EXERCISE DIRECTIONS
Your answer must be only the lines below from the one containing "2022 Ford Mustang" through the one containing "Italian menu sushi 66 ks", copied exactly, with the pictures left out.

THE DATA
/---
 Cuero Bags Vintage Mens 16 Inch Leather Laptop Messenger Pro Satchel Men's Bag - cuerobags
\---
/---
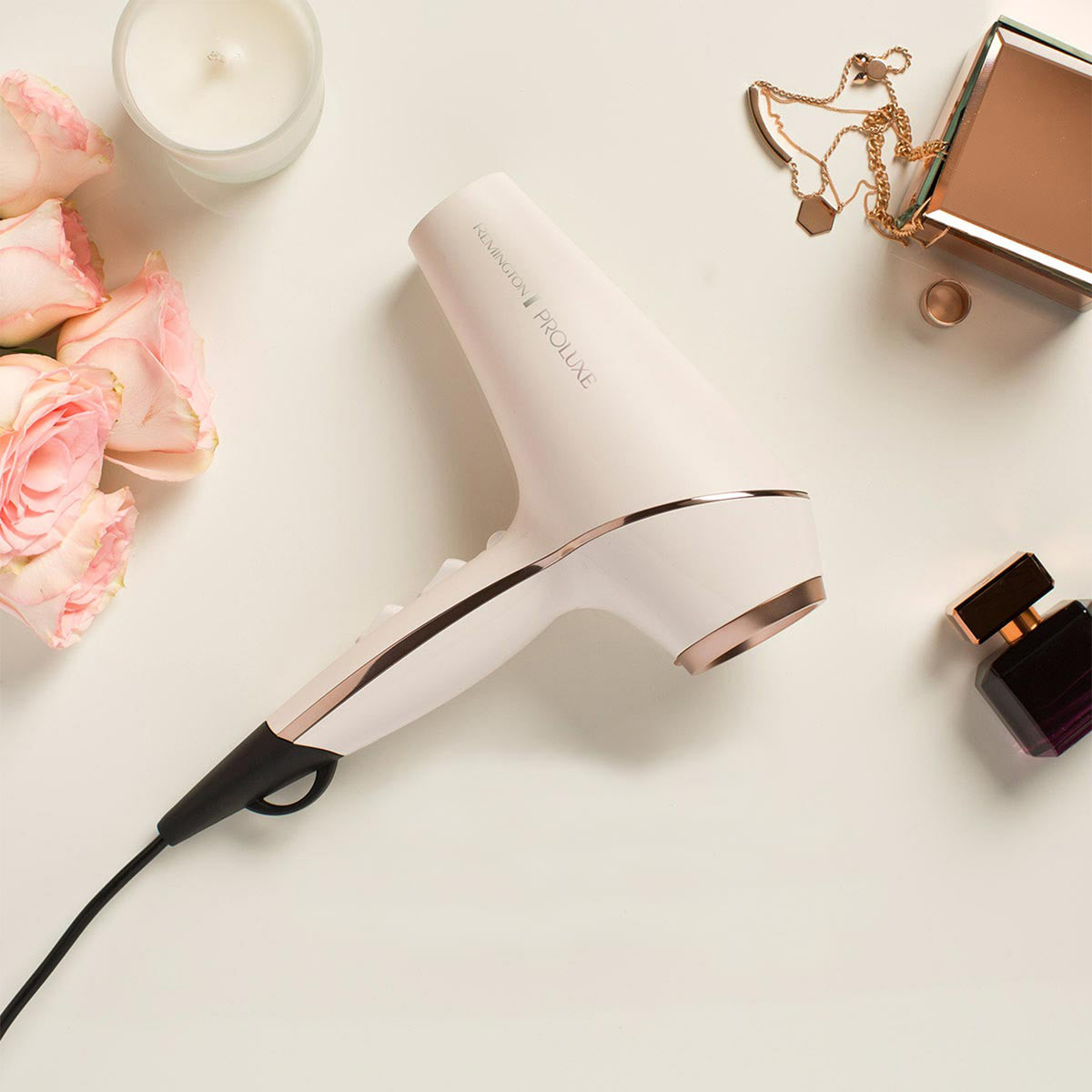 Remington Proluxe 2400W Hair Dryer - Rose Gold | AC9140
\---
/---
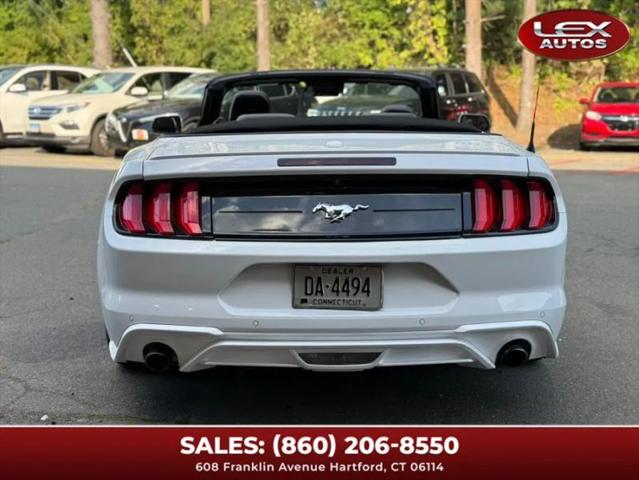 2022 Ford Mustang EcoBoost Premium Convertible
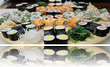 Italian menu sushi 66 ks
\---
YOUR SOLUTION
 2022 Ford Mustang EcoBoost Premium Convertible
 Italian menu sushi 66 ks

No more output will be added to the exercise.